Microsoft just made an AI voice generator so convincing it's too dangerous to release (7)

Storage Size

Microsoft just made an AI voice generator so convincing it's too dangerous to release (8)

Screen Size

Microsoft just made an AI voice generator so convincing it's too dangerous to release (9)

Condition

Microsoft just made an AI voice generator so convincing it's too dangerous to release (11)

Price

Microsoft just made an AI voice generator so convincing it's too dangerous to release (12)

Any Price

Showing 10 of 24 deals

Filters

Microsoft just made an AI voice generator so convincing it's too dangerous to release (13)

(15.6-inch 512GB)

Our Review

2

Microsoft just made an AI voice generator so convincing it's too dangerous to release (16)

Microsoft just made an AI voice generator so convincing it's too dangerous to release (17)

(16GB RAM Black)

Our Review

3

Microsoft just made an AI voice generator so convincing it's too dangerous to release (18)

Microsoft just made an AI voice generator so convincing it's too dangerous to release (19)

(15.6-inch 512GB)

Our Review

4

Microsoft just made an AI voice generator so convincing it's too dangerous to release (20)

Microsoft just made an AI voice generator so convincing it's too dangerous to release (21)

(15.6-inch 512GB)

Our Review

6

Microsoft just made an AI voice generator so convincing it's too dangerous to release (24)

Microsoft just made an AI voice generator so convincing it's too dangerous to release (25)

(15.6-inch 512GB)

Our Review

8

Microsoft just made an AI voice generator so convincing it's too dangerous to release (28)
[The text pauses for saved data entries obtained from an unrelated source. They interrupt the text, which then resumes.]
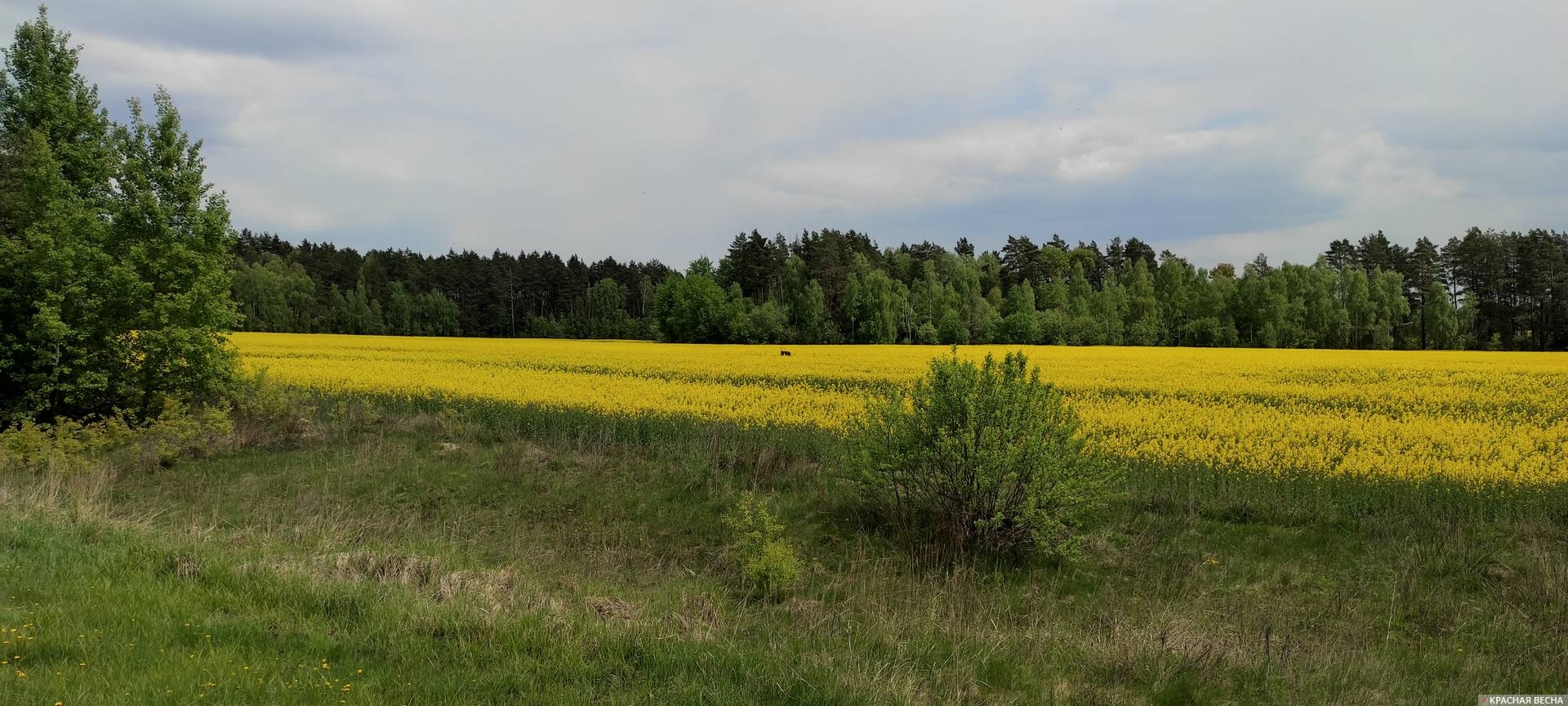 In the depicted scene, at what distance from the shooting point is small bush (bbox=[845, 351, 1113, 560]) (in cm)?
841

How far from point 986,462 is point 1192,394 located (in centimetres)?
1599

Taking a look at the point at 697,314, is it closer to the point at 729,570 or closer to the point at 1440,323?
the point at 1440,323

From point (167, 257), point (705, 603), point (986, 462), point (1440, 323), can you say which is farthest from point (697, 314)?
point (705, 603)

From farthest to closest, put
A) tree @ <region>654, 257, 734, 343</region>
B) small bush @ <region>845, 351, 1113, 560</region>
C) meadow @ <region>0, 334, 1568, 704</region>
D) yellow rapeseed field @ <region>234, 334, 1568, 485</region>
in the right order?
tree @ <region>654, 257, 734, 343</region>
yellow rapeseed field @ <region>234, 334, 1568, 485</region>
small bush @ <region>845, 351, 1113, 560</region>
meadow @ <region>0, 334, 1568, 704</region>

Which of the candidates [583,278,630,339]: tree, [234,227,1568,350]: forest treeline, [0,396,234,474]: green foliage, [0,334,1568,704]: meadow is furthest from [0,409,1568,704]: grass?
[583,278,630,339]: tree

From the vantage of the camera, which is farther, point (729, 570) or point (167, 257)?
point (167, 257)

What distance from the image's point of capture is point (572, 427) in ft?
51.7

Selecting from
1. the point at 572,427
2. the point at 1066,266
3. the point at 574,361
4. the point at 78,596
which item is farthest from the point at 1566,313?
the point at 78,596

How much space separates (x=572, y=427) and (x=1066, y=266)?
92798 millimetres

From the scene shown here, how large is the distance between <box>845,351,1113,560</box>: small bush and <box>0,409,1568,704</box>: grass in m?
0.51

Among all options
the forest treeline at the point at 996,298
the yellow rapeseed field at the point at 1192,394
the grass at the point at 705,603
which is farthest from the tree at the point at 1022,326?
the grass at the point at 705,603

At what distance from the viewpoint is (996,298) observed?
80438 millimetres

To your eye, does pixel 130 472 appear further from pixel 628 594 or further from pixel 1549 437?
pixel 1549 437

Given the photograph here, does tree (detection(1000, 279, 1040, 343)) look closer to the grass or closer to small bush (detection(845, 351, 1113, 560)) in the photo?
the grass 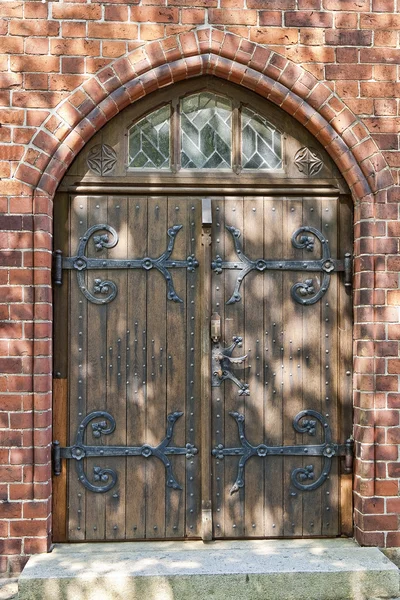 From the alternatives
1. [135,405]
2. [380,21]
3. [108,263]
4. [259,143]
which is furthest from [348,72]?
[135,405]

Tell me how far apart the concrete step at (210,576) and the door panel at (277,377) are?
342 millimetres

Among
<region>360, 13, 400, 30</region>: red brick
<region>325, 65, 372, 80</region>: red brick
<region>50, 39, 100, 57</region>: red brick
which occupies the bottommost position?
<region>325, 65, 372, 80</region>: red brick

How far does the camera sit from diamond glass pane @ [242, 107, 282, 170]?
13.5 ft

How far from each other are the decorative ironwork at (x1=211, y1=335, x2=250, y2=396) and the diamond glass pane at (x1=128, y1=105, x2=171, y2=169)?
4.03 feet

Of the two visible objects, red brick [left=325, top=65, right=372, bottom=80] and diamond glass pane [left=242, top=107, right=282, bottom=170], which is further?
diamond glass pane [left=242, top=107, right=282, bottom=170]

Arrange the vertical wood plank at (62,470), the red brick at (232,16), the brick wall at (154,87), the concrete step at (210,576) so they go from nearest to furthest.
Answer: the concrete step at (210,576), the brick wall at (154,87), the red brick at (232,16), the vertical wood plank at (62,470)

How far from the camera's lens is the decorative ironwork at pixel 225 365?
402 centimetres

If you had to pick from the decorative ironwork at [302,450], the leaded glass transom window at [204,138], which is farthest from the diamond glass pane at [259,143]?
the decorative ironwork at [302,450]

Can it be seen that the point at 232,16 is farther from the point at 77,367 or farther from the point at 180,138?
the point at 77,367

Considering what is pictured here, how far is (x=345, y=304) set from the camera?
4.11m

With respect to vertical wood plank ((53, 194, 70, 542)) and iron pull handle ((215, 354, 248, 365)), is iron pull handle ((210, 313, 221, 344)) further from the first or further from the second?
vertical wood plank ((53, 194, 70, 542))

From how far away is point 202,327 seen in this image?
402 cm

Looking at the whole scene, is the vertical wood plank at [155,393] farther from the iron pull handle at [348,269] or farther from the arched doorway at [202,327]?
the iron pull handle at [348,269]

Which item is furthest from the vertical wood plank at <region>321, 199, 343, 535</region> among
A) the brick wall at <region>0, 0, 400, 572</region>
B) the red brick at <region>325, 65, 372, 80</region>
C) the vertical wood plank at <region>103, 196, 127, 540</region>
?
the vertical wood plank at <region>103, 196, 127, 540</region> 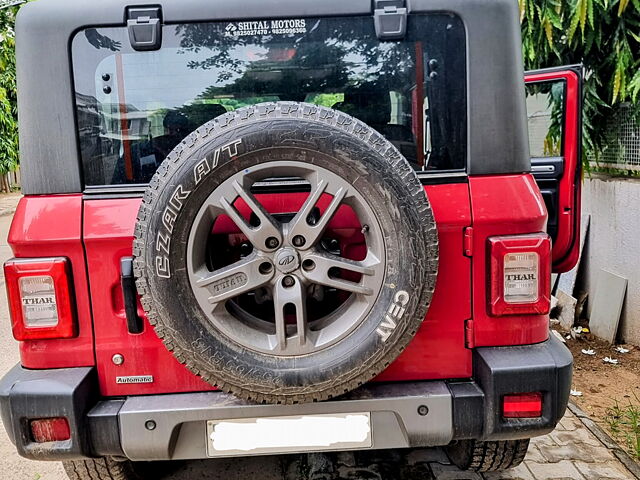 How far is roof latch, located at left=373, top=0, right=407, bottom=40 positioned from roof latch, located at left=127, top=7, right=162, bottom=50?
0.80m

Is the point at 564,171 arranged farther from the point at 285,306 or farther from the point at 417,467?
the point at 285,306

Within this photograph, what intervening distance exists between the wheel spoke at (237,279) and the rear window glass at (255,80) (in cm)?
56

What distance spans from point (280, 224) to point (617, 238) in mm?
3776

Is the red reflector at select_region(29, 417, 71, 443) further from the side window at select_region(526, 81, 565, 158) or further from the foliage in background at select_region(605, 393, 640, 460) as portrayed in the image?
the side window at select_region(526, 81, 565, 158)

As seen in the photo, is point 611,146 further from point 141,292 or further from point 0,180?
point 0,180

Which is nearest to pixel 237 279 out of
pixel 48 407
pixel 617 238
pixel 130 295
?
pixel 130 295

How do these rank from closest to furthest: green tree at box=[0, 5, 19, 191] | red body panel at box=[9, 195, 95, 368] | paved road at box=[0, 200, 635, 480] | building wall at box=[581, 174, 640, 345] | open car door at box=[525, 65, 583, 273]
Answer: red body panel at box=[9, 195, 95, 368]
paved road at box=[0, 200, 635, 480]
open car door at box=[525, 65, 583, 273]
building wall at box=[581, 174, 640, 345]
green tree at box=[0, 5, 19, 191]

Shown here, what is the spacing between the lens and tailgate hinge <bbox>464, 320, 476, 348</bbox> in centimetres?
225

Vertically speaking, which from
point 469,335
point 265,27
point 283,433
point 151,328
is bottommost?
point 283,433

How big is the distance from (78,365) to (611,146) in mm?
4516

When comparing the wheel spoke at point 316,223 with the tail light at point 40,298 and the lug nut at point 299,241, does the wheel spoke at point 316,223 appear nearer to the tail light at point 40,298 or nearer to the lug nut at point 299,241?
the lug nut at point 299,241

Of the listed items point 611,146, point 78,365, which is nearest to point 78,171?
point 78,365

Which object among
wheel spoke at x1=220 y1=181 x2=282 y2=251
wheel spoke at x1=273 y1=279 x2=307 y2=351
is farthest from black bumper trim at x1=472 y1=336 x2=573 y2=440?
wheel spoke at x1=220 y1=181 x2=282 y2=251

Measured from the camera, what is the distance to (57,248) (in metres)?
2.11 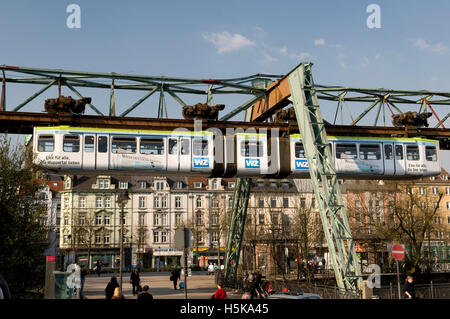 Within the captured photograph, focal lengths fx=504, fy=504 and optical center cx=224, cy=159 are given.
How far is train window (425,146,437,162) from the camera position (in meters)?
30.2

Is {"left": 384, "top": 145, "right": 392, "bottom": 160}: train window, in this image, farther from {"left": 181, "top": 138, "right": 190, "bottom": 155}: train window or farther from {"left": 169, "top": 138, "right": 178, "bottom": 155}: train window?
{"left": 169, "top": 138, "right": 178, "bottom": 155}: train window

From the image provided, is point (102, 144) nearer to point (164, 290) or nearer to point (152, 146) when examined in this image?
point (152, 146)

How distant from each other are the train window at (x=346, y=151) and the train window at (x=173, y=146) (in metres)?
9.31

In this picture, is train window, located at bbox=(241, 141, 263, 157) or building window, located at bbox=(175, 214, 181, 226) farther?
building window, located at bbox=(175, 214, 181, 226)

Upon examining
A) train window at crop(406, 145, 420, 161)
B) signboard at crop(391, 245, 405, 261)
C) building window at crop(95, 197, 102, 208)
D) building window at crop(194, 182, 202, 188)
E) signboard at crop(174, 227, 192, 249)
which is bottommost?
signboard at crop(391, 245, 405, 261)

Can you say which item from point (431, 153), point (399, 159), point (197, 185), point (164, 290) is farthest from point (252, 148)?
point (197, 185)

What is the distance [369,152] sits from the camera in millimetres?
29031

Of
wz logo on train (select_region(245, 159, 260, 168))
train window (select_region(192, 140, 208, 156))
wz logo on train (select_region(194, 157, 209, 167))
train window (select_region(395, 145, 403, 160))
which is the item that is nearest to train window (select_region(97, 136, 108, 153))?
train window (select_region(192, 140, 208, 156))

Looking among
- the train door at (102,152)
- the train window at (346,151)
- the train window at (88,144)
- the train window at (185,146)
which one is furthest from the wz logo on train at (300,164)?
the train window at (88,144)

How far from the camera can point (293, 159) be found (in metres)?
28.1

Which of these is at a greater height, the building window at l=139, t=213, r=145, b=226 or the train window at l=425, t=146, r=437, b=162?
the train window at l=425, t=146, r=437, b=162

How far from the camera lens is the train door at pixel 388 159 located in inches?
1142

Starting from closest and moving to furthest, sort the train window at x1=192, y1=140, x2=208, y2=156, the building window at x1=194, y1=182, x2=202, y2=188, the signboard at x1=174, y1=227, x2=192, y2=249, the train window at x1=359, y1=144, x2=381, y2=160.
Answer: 1. the signboard at x1=174, y1=227, x2=192, y2=249
2. the train window at x1=192, y1=140, x2=208, y2=156
3. the train window at x1=359, y1=144, x2=381, y2=160
4. the building window at x1=194, y1=182, x2=202, y2=188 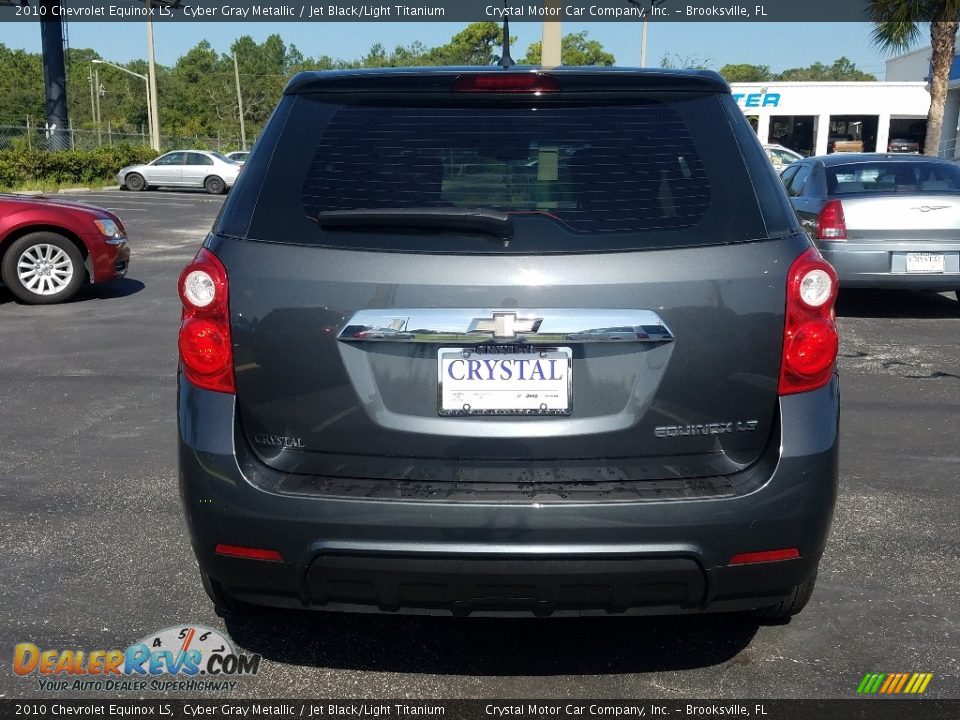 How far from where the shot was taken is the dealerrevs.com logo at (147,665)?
3.14 m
Microsoft just made an AI voice generator so convincing it's too dangerous to release (29)

Load more deals

Microsoft just made an AI voice generator so convincing it's too dangerous to release (34)

Jeff Parsons

UK Editor In Chief

Jeff is UK Editor-in-Chief for Tom’s Guide looking after the day-to-day output of the site’s British contingent. Rising early and heading straight for the coffee machine, Jeff loves nothing more than dialling into the zeitgeist of the day’s tech news.

A tech journalist for over a decade, he’s travelled the world testing any gadget he can get his hands on. Jeff has a keen interest in fitness and wearables as well as the latest tablets and laptops. A lapsed gamer, he fondly remembers the days when problems were solved by taking out the cartridge and blowing away the dust.

More about ai

OpenAI outlines plan for AGI — 5 steps to reach superintelligence5 ChatGPT tips to try for getting smarter answers to your prompts

Latest

Paolini vs Krejcikova live stream: How to watch Wimbledon 2024 Women's singles final online 2024
See more latest►

No comments yetComment from the forums

    Most Popular
    Microsoft just made an AI voice generator so convincing it's too dangerous to release
    NYT Strands today — hints, spangram and answers for game #131 (Friday, July 12 2024)
    Foldable phones have passed a very big milestone to going mainstream
    5 best shows like 'My Lady Jane' to stream after season 1
    Today's NYT Connections hints and answers — Friday, July 12, #397
    5 best dystopian shows on Netflix to stream right now
    Galaxy Watch 7 and Watch Ultra are losing one of best features in Samsung's smartwatches — but why?
    Pixel 9 tipped to get more expensive in latest leak
    Google announces four significant updates for Samsung's new devices
    Samsung Energy Score — here’s all the Galaxy Watches getting this AI feature
    iOS 18 adding new background sounds to help iPhone users destress
    Microsoft just made an AI voice generator so convincing it's too dangerous to release (2024)

    References

    Top Articles
    Latest Posts
    Article information

    Author: Nathanial Hackett

    Last Updated:

    Views: 5780

    Rating: 4.1 / 5 (52 voted)

    Reviews: 91% of readers found this page helpful

    Author information

    Name: Nathanial Hackett

    Birthday: 1997-10-09

    Address: Apt. 935 264 Abshire Canyon, South Nerissachester, NM 01800

    Phone: +9752624861224

    Job: Forward Technology Assistant

    Hobby: Listening to music, Shopping, Vacation, Baton twirling, Flower arranging, Blacksmithing, Do it yourself

    Introduction: My name is Nathanial Hackett, I am a lovely, curious, smiling, lively, thoughtful, courageous, lively person who loves writing and wants to share my knowledge and understanding with you.